Surf City Marathon 2018

I woke up with a headache.  My iphone’s alarm, the default radar tone, pinged repeatedly at 3:30 AM and I fumbled with it in the dark.  I cleared it and saw a notification banner from AirBNB.  Apparently my host for my Boston Marathon accommodations cancelled in the dead of night.

I wanted to believe his reasons were legitimate and not because he thought he should be charging more.  I was though (and remain) annoyed that if *I* had cancelled the booking, under the strict cancellation policy the host had, I would’ve been charged the full price of the booking anyway.  But I’m not compensated in any way, shape, or form when the monolith cancels on me.  It’s the same thing when an airline cancels a flight: I don’t get paid a $150 change fee but if I were to change my ticket you can bet your sweet bippy that they’d be billing my credit card.  The consumer is not protected and no one cares.

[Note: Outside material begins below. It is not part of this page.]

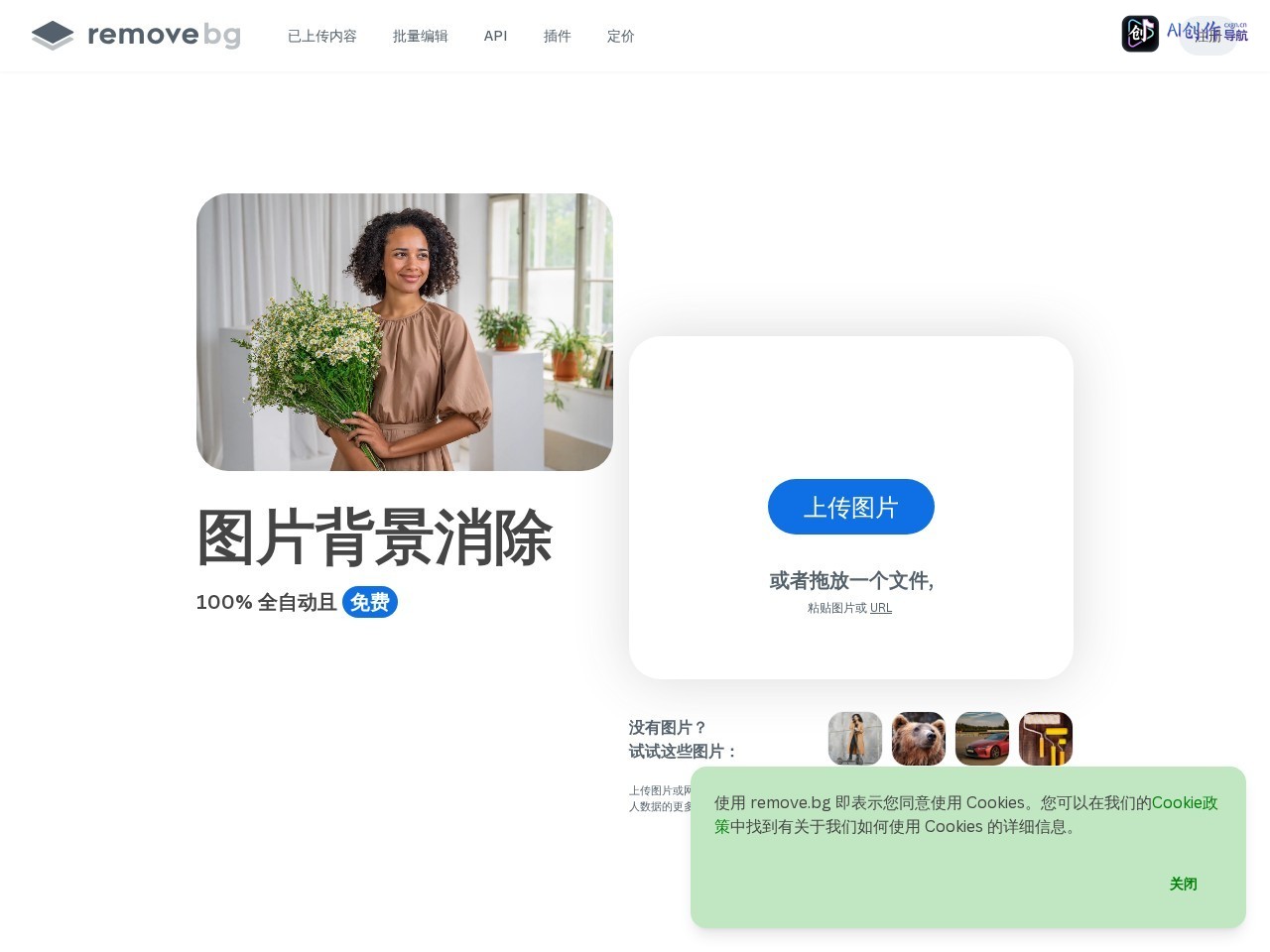 Remove.bg 网站截图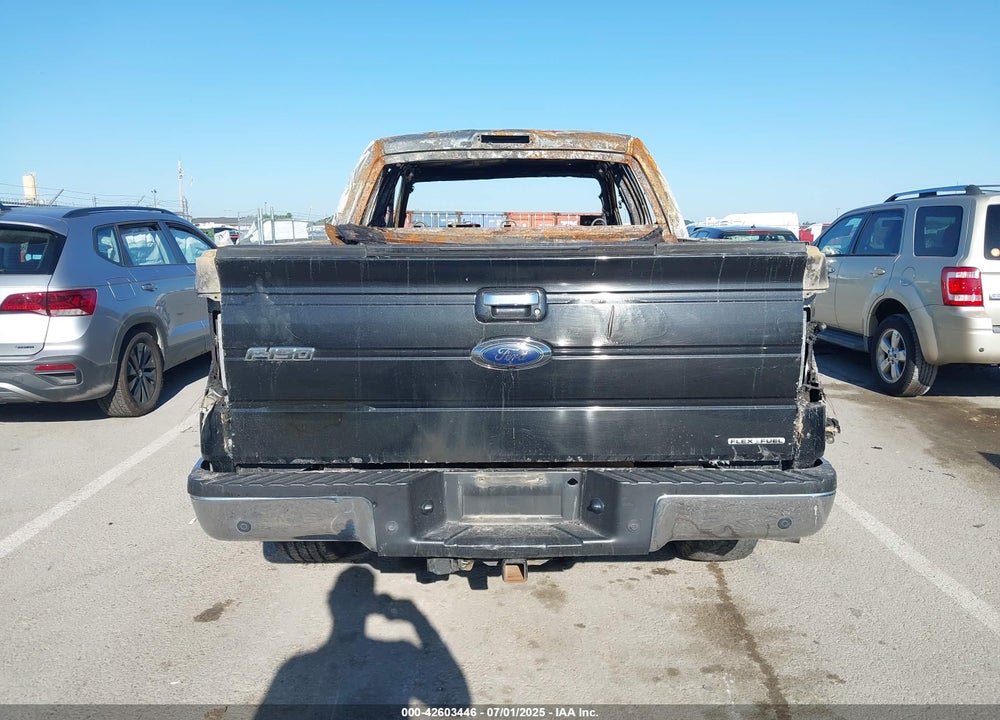 2012 FORD F-150 VIN: 1FTFW1EF9CFA36931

Contemplating this as I grabbed my running gear and car keys, I found myself once again wallowing in a sense of hopelessness and ennui.  My heart and soul is broken when I think about my country at the moment – the lies and innuendo, the Nunes memo, the embarrassing grade school level of discourse *on both sides* of the aisle, the threat of nuclear war as an approval ratings grab by the ultra conservative apocalypse hawks.  I feel depressed and demoralized and more than anything I feel paralyzed.

It was in this mindset that I walked out my front door and headed to the car to drive down to Huntington Beach for the Surf City Marathon.  I actually contemplated just not going.  What does it matter?  What does any of it matter anymore?  But I had overeaten under the guise of “carbo loading” when in fact it was just “the same old, same old” binge eating.  I needed to at least TRY and work off SOME of the calories with which I had stuffed my face.  That more than any other reason was what compelled me to hop on the 5 South freeway.

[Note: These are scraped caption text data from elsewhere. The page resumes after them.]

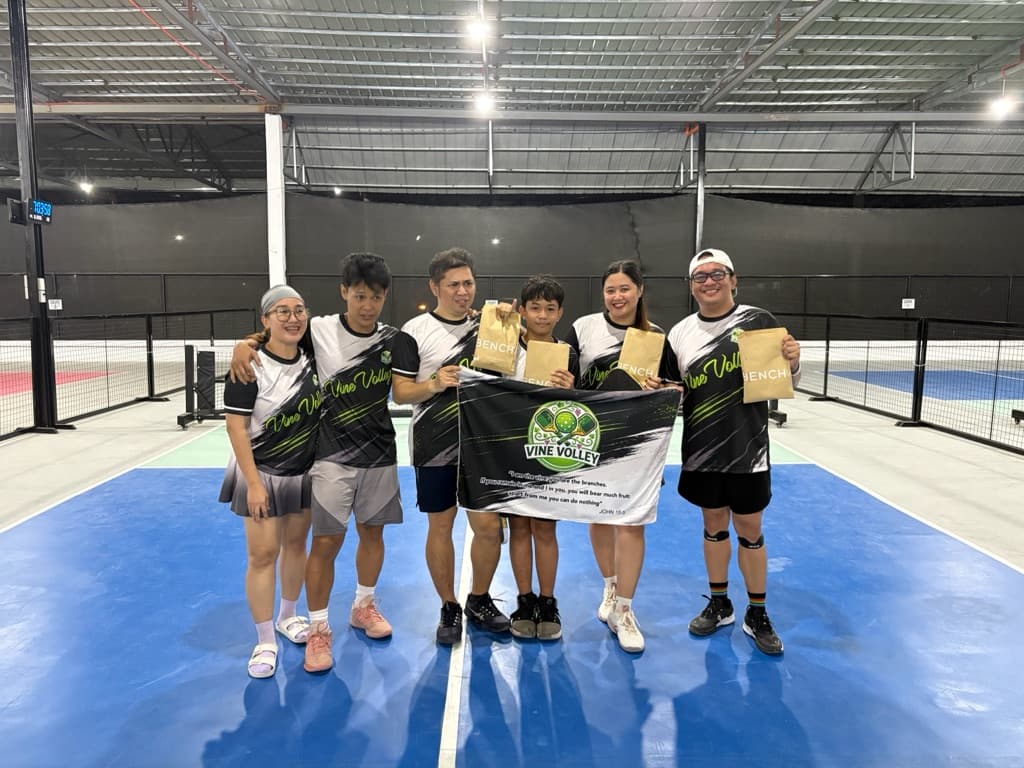 Vine Volley media 5
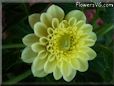 yellow dahlia flower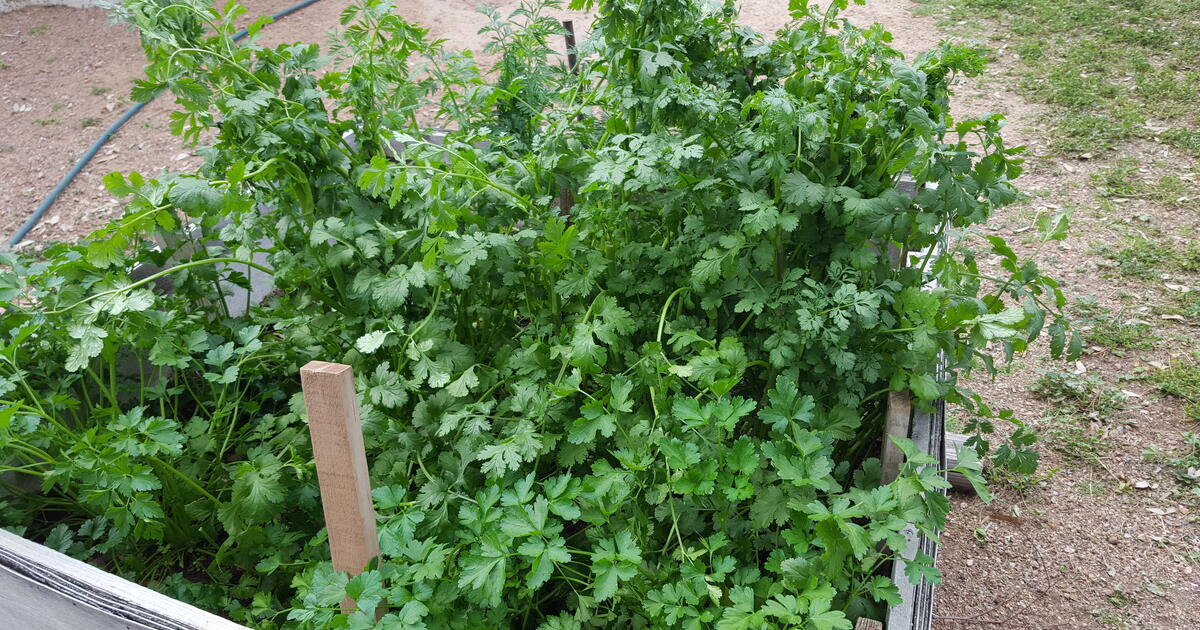 Cilantro/Italian Flat Leaf Parsley for Free in Gilbert, AZ Finds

Traffic is the bane of my existence here in southern California… and really almost EVERYWHERE I go these days.  I’m not sure ANY place I’ve been recently hasn’t prompted the hurry-up-and-wait start/stop road rage in me.  The one nice thing about 4 AM on the CA freeways – they actually do kinda work at that hour.  With minimal cars on the road, you can actually drive and traverse the distances in something approaching what Dwight D. “Ike” Eisenhower wanted for America’s highways post-seeing-the-Autobahn.  I made good time down to HB and though wound up parking a bit farther afield than I might have liked, at least the side road I found was free and thus I did not need to fork over the $15 for parking the area lots would have had me pay.

I’ve done this race before.  In 2009, I ran a 4:11:20.  In 2016, it was a 3:33:47.  Tomorrow I’ll login to my photo cloud storage and see if I can’t pull some pics from those years to compare to today’s race.  But for now, I’m just going to post some of the very few pictures I snapped along the way.  I felt like I’d documented this thing in the past; the course remains the same and it’s a mind-fffff… a mind-farce that plays tricks on you as you circle back and forth along the Pacific Coast Highway.

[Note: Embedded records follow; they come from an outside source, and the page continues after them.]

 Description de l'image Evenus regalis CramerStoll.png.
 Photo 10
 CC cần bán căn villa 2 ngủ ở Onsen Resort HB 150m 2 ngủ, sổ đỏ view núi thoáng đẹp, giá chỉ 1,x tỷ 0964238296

The race went ok I guess.  My butt was bothering me once again, that same nagging injury lingering on from my wet leaves slip-and-slide debacle of late 2017.  Maybe some day I’ll stop racing for a few months and do a proper rest and rehab in try and get that sorted once and for all.  But anytime I’ve tried doing such things it never really seems to work.  I do what I’m supposed to do and I wind up just wasting my time, energy, and wherewithal; it never seems to work out correctly.  That’s been true of house repairs, airBNB reservations, and various health issues amongst many, many, oh-so-many other instances.  There’s a reason the cliché “damned if you do, damned if you don’t” still resonates.

There’s an unpleasant story at mile 25 about two beach bum surfer dudes who rode past me on their bikes, carrying their medium sized surf boards.  It was as if they sought to use as lances in jousting, hoping to impale me and to get me to move.  You think I’m joking or exaggerating but honestly it was an entirely rude, nasty, and mean spirited interaction with these yahoos that made me sink ever deeper into a murky depression.  I really thought about quitting right then and there because if these two gentlemen of Huntington Beach were indicative the townsfolk, if their curses hurled at me for not paying attention to where I was going and blaming me for causing them problems on the beach path this morning, if this is how the townspeople of Surf City want to treat visitors and tourists to their town, well, screw them.  I don’t recall Jan and Dean singing “two dicks for every boy.”  I vowed not to return to Surf City Marathon; I refuse to patronize places that choose to patronize, condescend, insult, and generally demean me.

It’s a dark place I find myself at the moment.  Maybe that’s not surprising given the days and nights of the calendar.  But, man, what a cruddy day.

And I still have a headache.  But that might be dehydration.